Bild: Irr und wirr und unfertig - das neue Album von Erykah Badu.
Funk kommt von unfertig. Er ist große amerikanische Kunst - die man sich
vorstellen kann wie die Arbeit an der Pyramide auf der Rückseite einer
jeden Ein-Dollar-Note. Die Arbeit an der Vollendung ist das, was zählt. Nun
schwebt über dieser Pyramide ja das aus allerlei Verschwörungstheorien
bekannte Auge. Tatsächlich lässt sich "New Amerykah", das neue Album von
Erykah Badu, ihr erstes seit dreieinhalb Jahren, am besten über dieses Bild
verstehen. Es ist irr und wirr, es ist so unfertig, dass man über all die
Fäden und losen Enden geradezu stolpert, die es überall in der Gegend
herumliegen lässt. Und genau das macht seine Größe aus.
Als Königin des Neo-Soul-Sound betrat Erykah Badu vor gut zehn Jahren die
Bildfläche, als eine Wiedergängerin von Billie Holiday wurde sie wegen
ihrer Art der Phrasierung damals gehandelt. Davon ist wenig übrig
geblieben. Mit der Schönheit, die man bis heute aus dem Soul der Sechziger
und Siebziger schlagen kann, mag Amy Winehouse ihre Grammys gewonnen haben.
Doch so reich die Referenzen sind, die "New Amerykah" aufruft, vom Reverend
Jesse Jackson bis zu den Zitaten aus Badus eigenem Schaffen: Diese Platte
badet im Unbewussten des schwarzen Amerika, in der brodelnden Ursuppe des
Funk.
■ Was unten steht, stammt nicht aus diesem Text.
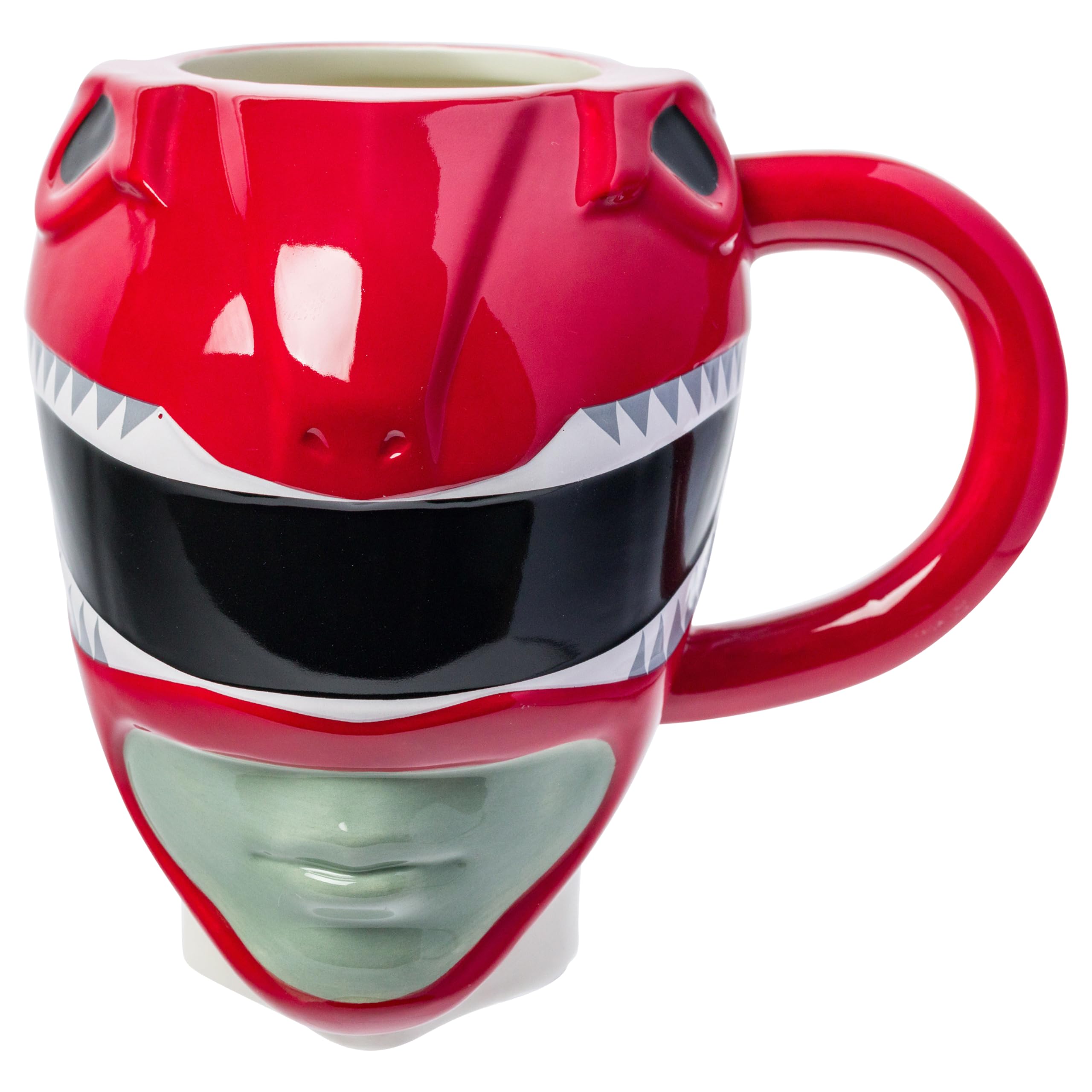 Silver Buffalo Power Rangers Red Ranger Helmet, 3D Sculpted Mug, 20oz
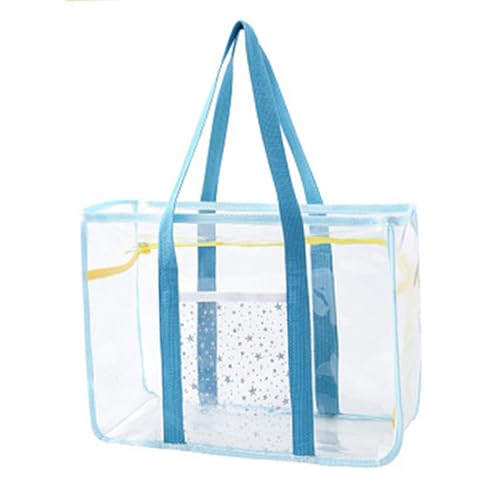 Clear Tote Bag, Transparent Shoulder Bag, Large Waterproof Beach Tote, Women Handbag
Und das mag auch ein Genre sein, vor allem aber ist der Funk Methode.
Mit dem Produzenten Madlib, Sa-Ra und 7th Wonder hat Badu sich die
prominentesten Hiphop-Avantgardisten ins Boot geholt, daneben lässt sie den
Trompeter Roy Hargroves ab und an auch etwas Jazz tröten. Diese
verschiedenen Ansätze lässt Badu nebeneinander laufen, manchmal versenkt
sie sogar ihre eigene Stimme unter der Oberfläche des Soundgebrodels, um
jenen verstörenden Effekt zu erzielen, um den es ihr geht: Die Platte
handelt von institutionellem Rassismus der USA, Drogenabhängigkeit, Tod und
Verderben.
Tatsächlich hält Badu ihren Körper hin (auf dem Cover lässt sie die
Probleme buchstäblich aus ihrem Afro herauswachsen), um das Inkommensurable
des schwarzen Amerika zu präsentieren. Das, was sich auch durch Obama nicht
vertreten fühlt, in ihm nicht den Brother sieht, der er gern wäre und als
den die ganze Welt ihn unbedingt sehen möchte. Diese Platte sagt: Das ist
alles Blödsinn. So sehr Blödsinn, dass es nicht einmal mehr begründet
werden muss. Es gibt keine Versöhnung.
Etwa in dem Stück "Soldier". Erst ist es ein normaler Song über das Leben
eines jungen, aufstrebenden Gettobewohners, der eifrig zur Schule geht und
wohl seinen Weg in die Gesellschaft finden wird. Dann taucht plötzlich
jemand mit einer Pistole auf - und auf einmal kollabiert der Song. Badu
singt "everybody knows what the songs about", was natürlich nicht stimmt,
um dann von medikamentenabhängigen Mädchen über die Soldaten im Irak bis zu
den Abgeordneten des Kongress alle möglichen Leute aufzuzählen, die nach
den Anschlägen von 9/11 in der Zeitung der Nation of Islam die Wahrheit
hätten lesen können. Und sie, Erykah Badu, gehe nun mit einer Armee von
Kriegern, die in den Fluten von New Orleans getauft worden seien, voran, um
all das zu ändern. Wow.
Ob es sich um strategische oder echte Verwirrung handelt, wer weiß das
schon genau? Man muss auch nicht mitmarschieren, zumal es kein Zurück gibt,
Badu mag nämlich keine Deserteure ("If you think about turning back / I got
a shot gun on ya back"). Braucht man als weißer Europäer ja auch nicht.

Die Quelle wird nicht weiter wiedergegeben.